3 Feature extraction and machine learning algorithms

3.1 Feature extraction

In the context of SHM, machine learning is applied to associate the damage-sensitive features derived from measured data with a state of the structure; the basic problem is to distinguish between the undamaged and damaged states. In this study, an AR model is used to extract damage-sensitive features from time series data. For a specific time series, the AR(\(p\)) model of order \(p\) is given as [31]

$$y_{t} = \sum\limits_{j = 1}^{p} {\phi_{j} y_{t - j} + \varepsilon_{t} } ,$$
(1)

where \(y_{t}\) is the measured response signal, \(\phi_{j}\) denotes the AR parameter(s) to be estimated and \(\varepsilon_{t}\) is the random error (residual) at the time index \(t\). The use of AR parameters has proven useful for SHM applications regarding civil infrastructure mainly for three reasons [12, 30]: first, the parameters are sensitive to the nonlinear behaviour of damage, which is a typical behaviour resulting from fatigue damage; second, feature extraction depends only on the time series data obtained from the structural response; and third, the implementation is simple and straightforward.

To determine the appropriate order for a time series, two model selection criteria are commonly used: the Akaike information criterion (AIC) and the Bayesian model criterion (BIC). The AR model with the lowest AIC or BIC value gives the optimal order \(p\).

3.2 AR model order selection

To find a common AR model order that can be applied to all time series, a model selection evaluation is performed. Analyses are performed for a selection of time series by considering the AIC and BIC values obtained by AR(\(p\)) models of increasing order \(p\). The root mean square (RMS) values of the residuals are also considered as a heuristic approach, where the residuals are the differences between the model’s one-step-ahead predictions and the real values of the time series.
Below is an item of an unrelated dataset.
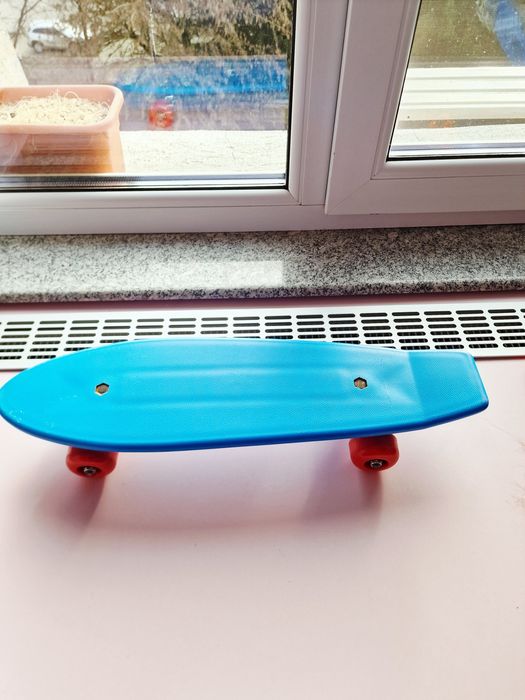 Skateboard albastru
The results are based on the average results of all sensor channels, which are obtained by performing analyses of 80 tests in the undamaged state condition (40 tests from UDS1 and UDS2, respectively). Analyses of the AR parameters are performed using the statsmodels module in Python [32].

Figure 4 shows the results obtained by considering the normalized AIC and BIC values in addition to the RMS values of the residuals. The optimal order, \(p\), is determined by the lowest values or by the convergence point of the values for a varying order. It is observed that the curves generally follow each other well and that the curves decrease rapidly for the lowest model orders. Although the AR models of order 8 or higher prove to be close to optimal representations of the time series, a lower-order model is used in this study. The choice of AR model order is important, not only because the optimal order provides the best representation of the time series but because the AR parameters are used as inputs for the machine learning algorithms in a concatenated format, affecting the dimension of the feature space. A high AR model order increases the dimension of the feature space. Consequently, there is a trade-off between obtaining the optimal time series representation and reducing the uncertainty of dealing with high-dimensional data. Data with high dimensionality may lead to problems related to the curse of dimensionality [33]; as the feature space dimension increases, the number of training samples required to generalize a machine learning model also increases drastically. Although a lower-order model is arguably not the optimal representation, it can still provide a good representation of the time series for use with all state conditions, and it reduces the uncertainty associated with high-dimensional data for the considered analysis approach. Therefore, for each test of each state condition, AR(5) models are established for the time series obtained from all sensor channels. The features are used as inputs to the machine learning algorithms for supervised and unsupervised learning.

Fig. 4
figure 4

Average AIC, BIC and RMS values for AR(\(p\)) models of increasing order \(p\) from all sensor channels for a selection of time series from the undamaged state condition

3.3 Supervised learning

For supervised learning, a training matrix \({\mathbf{X}} \in {\mathbb{R}}^{n \times k}\) with \(n\) samples and \(k\) features and a test matrix \({\mathbf{Z}} \in {\mathbb{R}}^{m \times k}\) with \(m\) samples are composed of data from both the undamaged and damaged conditions. The target variable \({\mathbf{y}} \in {\mathbb{N}}^{n \times 1}\) is a vector composed of the class labels \(y\). \({\mathbf{x}}_{i} \in {\mathbb{R}}^{1 \times k}\) and \({\mathbf{z}}_{i} \in {\mathbb{R}}^{1 \times k}\) denote arbitrary samples with an index \(i\) from the training and test matrices, respectively, with a corresponding class label \(y_{i}\). Note that \(k\) here is the total number of features to be included.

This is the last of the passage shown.